Exercise brief — Retype, with no pictures, each line from the one that holds "b8d6efdd-f0bc-45fd-ac31-971b7e060187.jpg" through the last line of the entries below, both included.
___
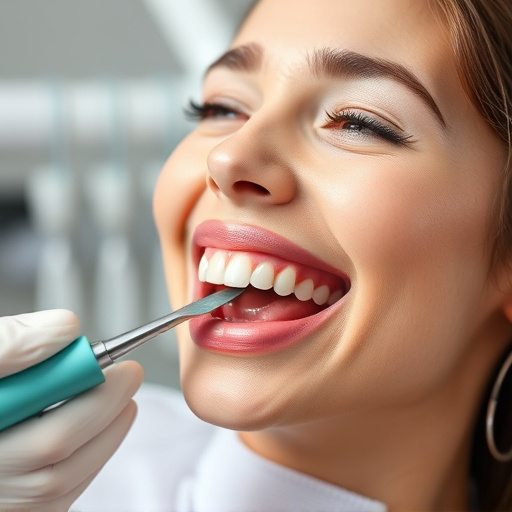 Mastering Pain-Free Dentistry: Pre-Appointment Tips for a Comfortable Experience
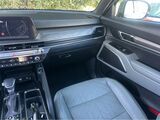 2023 Kia Telluride SX-Prestige X-Pro San Diego County CA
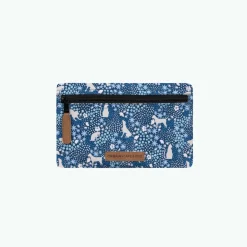 Vordertasche M Torreilles Dt. Tierschutzbund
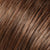 Jon Renau Wigs - Color 6/33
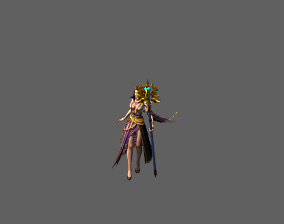 NPC0026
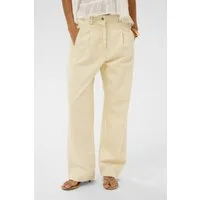SOAKED IN LUXURY Regular-fit-Jeans Jeans SLNinnia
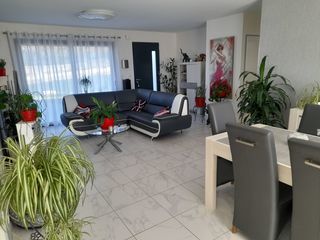  Maison � vendre 5 pi�ces 104 m�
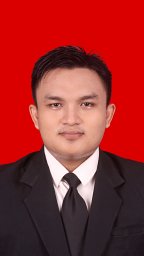 M. Sarwar Nasir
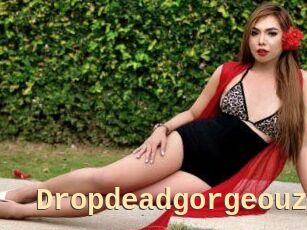 Dropdeadgorgeouz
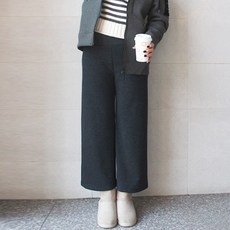 b8d6efdd-f0bc-45fd-ac31-971b7e060187.jpg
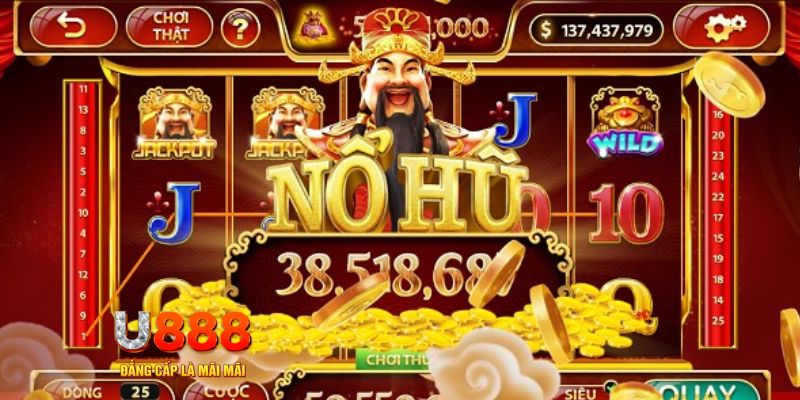 777vin kết quả xổ số miền bắc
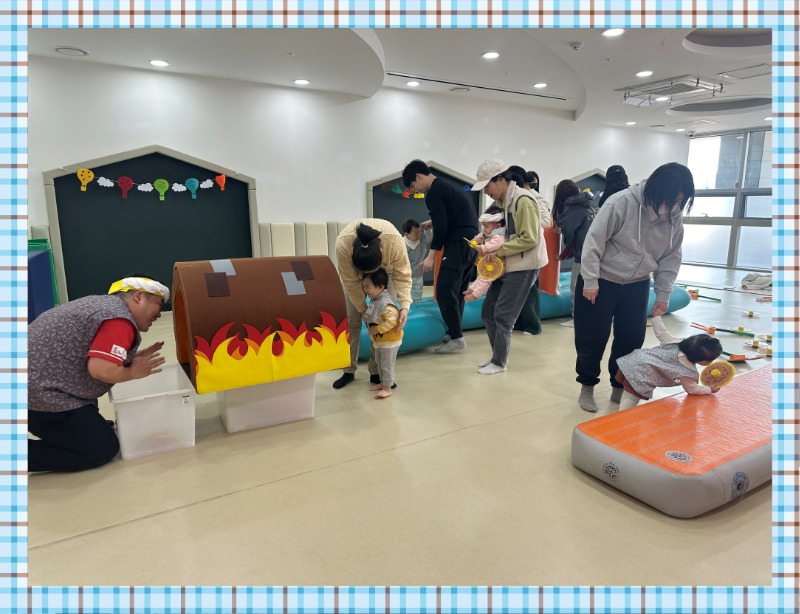 KakaoTalk_20250319_143418788_16.jpg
___
Task solution —
 b8d6efdd-f0bc-45fd-ac31-971b7e060187.jpg
 777vin kết quả xổ số miền bắc
 KakaoTalk_20250319_143418788_16.jpg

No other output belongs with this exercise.